そのコンセプトは、ここで完全に説明するには複雑すぎるが、ユーザーは給油するだけで準備完了。あとはDレンジに入れてスロットルペダルを踏むだけで、普通に走れてしまう。ストレスフリーであるべきクルマがストレスなく動力を得られることは、利点が非常に多い。DCTはスムースさに欠ける場合もあるが、LBXの電気式CVTは申し分ない。
穏やかに発進すれば、3気筒エンジンは静かだ。エコモードのスロットルマッピングはうまくできていて、ゆったりしたドライビングを可能にするが、燃費重視モードにありがちな不自然にエンジン出力を絞った感じがない。
長距離を走っても、エンジン音を耳にすることはめったにないが、右足を踏み込めば、LBXは驚くほど元気に走ることもできる。0−97km/hが8.4秒というのは、この手のクルマとしては納得できる性能だ。

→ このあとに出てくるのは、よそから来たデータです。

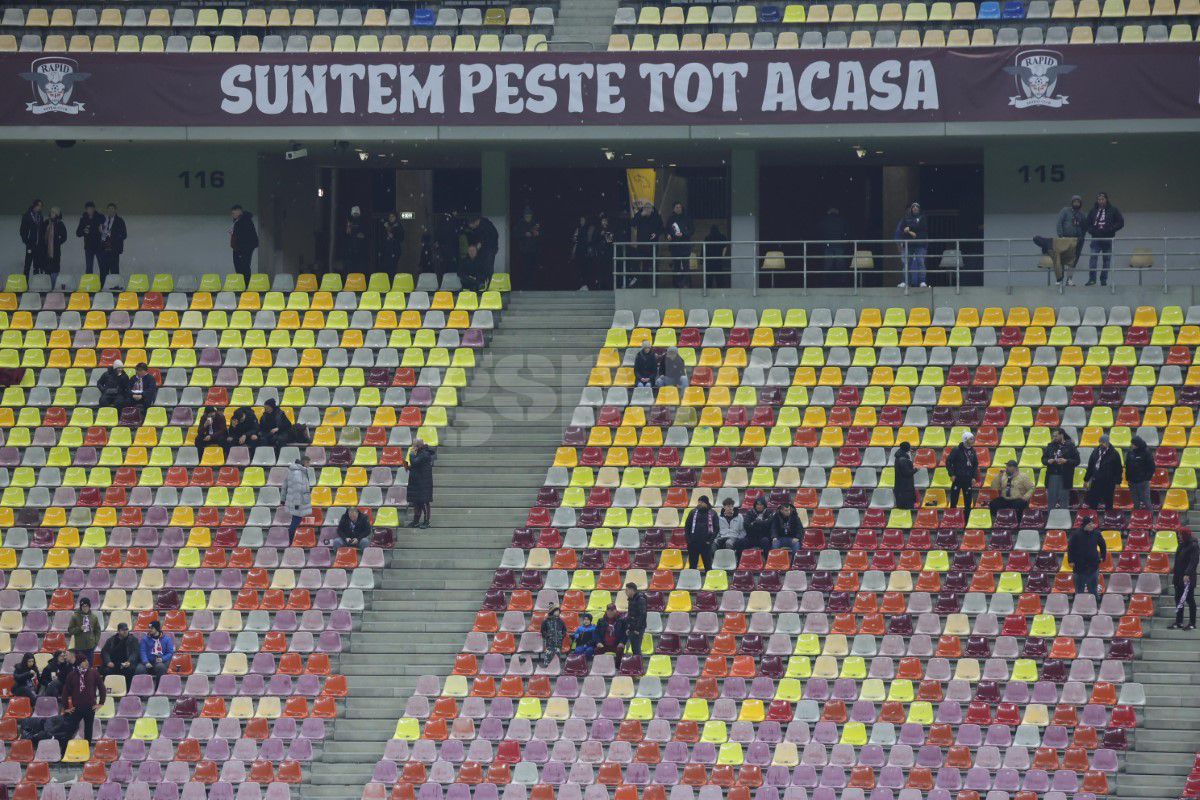Rapid - FCSB, imagini înainte de meci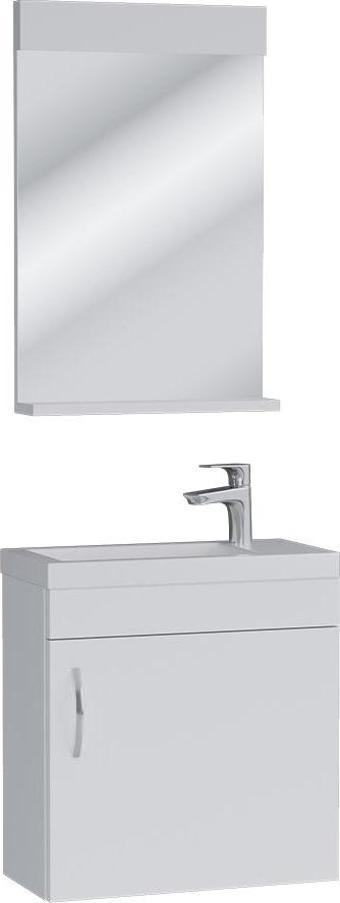 UBM Zerde 50 cm Banyo Dolabı Beyaz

とはいえ、その後は及び腰だ。強い加速を続けているとエネルギー回生が効かず、バッテリー残量がすぐに尽きてしまうので、モーターの駆動力がフルには使えなくなる。結果、加速テストを繰り返すと、タイムは8.8秒、9.5秒、10.6秒と徐々に落ちていった。
これはテストコースに限った話ではない。B級道路を攻めたときや、市街地でEV走行をメインにしたあとにも起こりうる。そうなると、3気筒が騒々しい音を立てはじめる。
ブレーキはバイワイヤで、われわれとしてはペダルがやや軽く過敏に思えたが、慣れてしまえばスムースに停止できるようになるはずだ。緊急ブレーキを繰り返しても、スタビリティや制動距離に問題はなかった。ただし、ABSかブレーキ圧を生むためのものかは不明だが、ポンプがかなりうるさい。また、サスペンションのピッチングが過剰で、必要以上にびっくりさせられる。